HOWTO get ns-3 to detect steady-state times in your data
Contents
SAFE Framework
Steady-state detectors
The architecture of SAFE provides for the use of mechanisms to determine when metrics estimated through simulation have reached steady-state. Although well known, the initialization bias problem hasn't been addressed satisfactorily in the domain of network simulation. Few published research studies have taken steps to exclude samples generated during model transients from their statistical data analysis.
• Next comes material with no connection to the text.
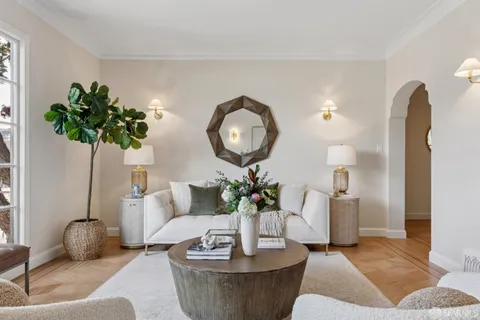 a living room with furniture and a potted plant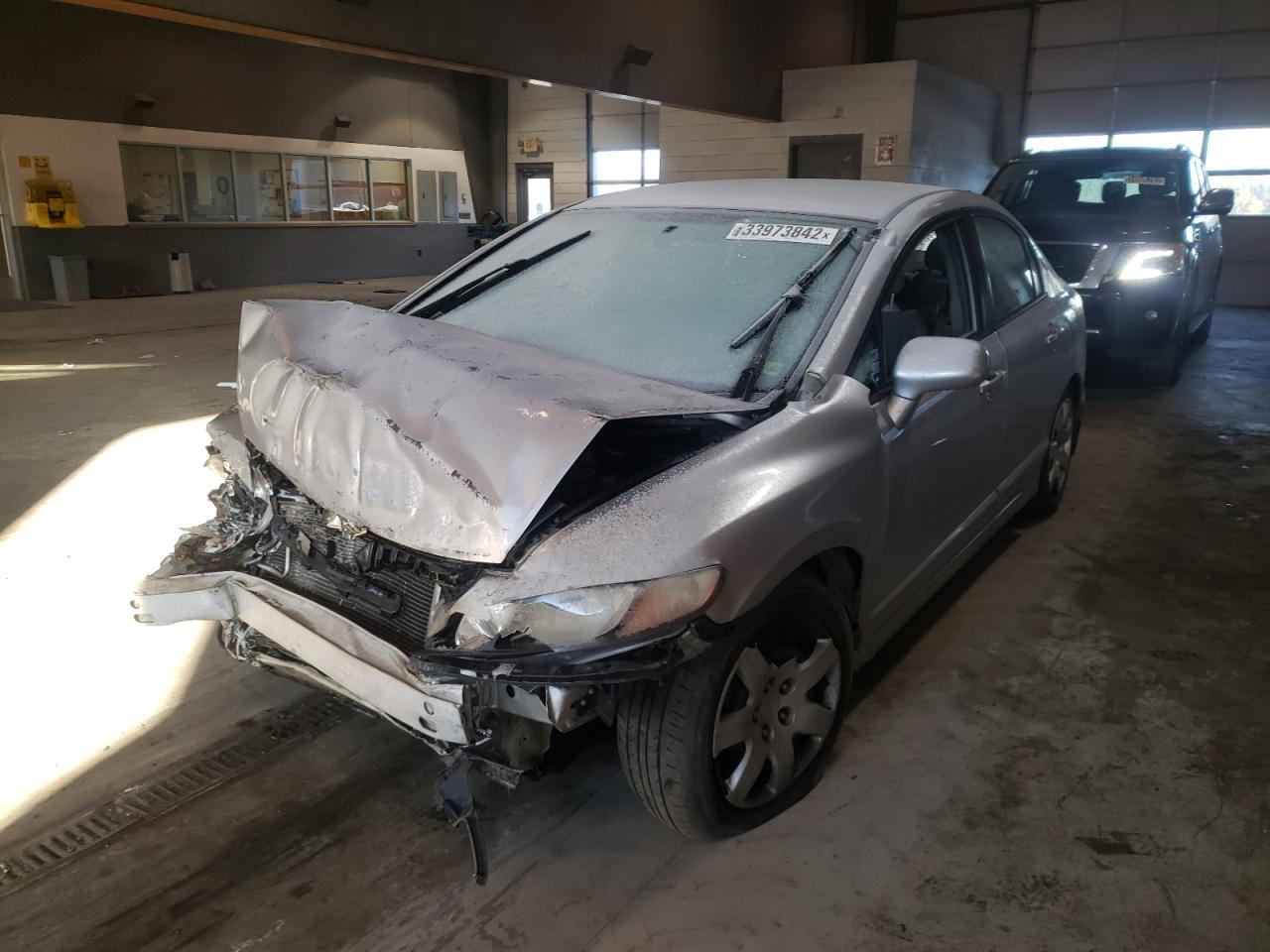 Photo 2 from auction – 2010 HONDA CIVIC LX with VIN 2HGFA1F59AH316835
Among other researchers who have identified the relevance of initialization bias in network simulation, "Perrone, Yuan, and Nicol [2003]":http://redmine.eg.bucknell.edu/safe/attachments/16/perrone2003.pdf report the significance of avoiding the use of samples from transient in the computation of statistical estimators for metrics of interest.
SAFE enables one to hook up a source of samples to an analysis module, which determines on its own whether the sample data is "in transient" or in steady-state.
The development of _steady-state detectors_ for SAFE is looking at a broad range of publications that will culminate in the identification of sound data analysis methodology. SAFE will use the information provided by steady-state detectors to implement data deletion in the samples collected thereby avoiding initialization bias.
Current Stage of Development
This work is at an investigation stage. We are currently going through the literature to identify algorithms that will be suitable for use in SAFE steady-state detectors.
Projected Milestones
- Literature search and evaluation: June 8-14, 2011
- First implementation: June 15-30, 2011
- Evaluation of implementation against synthetic data generator: July 1-20, 2011
Rejected Algorithms
- Robinson, Stewart (2002). A Statistical Process Control Approach for Estimating the Warm-Up Period. Proceedings of the 2002 Winter Simulation Conference.
- Summary: 2 stage method:
- Stage 1: has multiple replications.
- Stage 2: has single seed.
- Advantages: Works with a single seed value for stage 2.
- Disadvantages: Requires visual inspection of final results and initial preliminary runs from Stage 1.
- Note: Has equations for batch mean method, which works for single seeds.
- Summary: 2 stage method:
Algorithms to Try
- Robinson, Stewart (2005). Automated Analysis of Simulation Output Data. Proceedings of the 2005 Winter Simulation Conference.
- Summary: Paper describes an Excel based semi-automated tool that calls SIMUL8.
- Advantages: Automated methods. Describes batch method which works for single seed values.
- Disadvantages: Based on Excel and SIMUL8, which means can't be called from ns-3.
- Note: Has equations for an automated version of Welch's visual method.
- Note: Describes how to automate the MSER-5 (White et al, 2000) method.
- White, K.P., M.J. Cobb and S.C. Spratt. 2000. A Comparison of Five Steady-State Truncation Heuristics for Simulation. Proceedings of the 2000 Winter Simulation Conference (J.A. Joines, R.R. Barton, K. Kang and P.A. Fishwick, eds.). IEEE, Piscataway, NJ, 755-760.
- Note: Describes how to automate the batch mean method.
- Note: See Robinson (2002) in rejected algorithms for equations for batch mean method.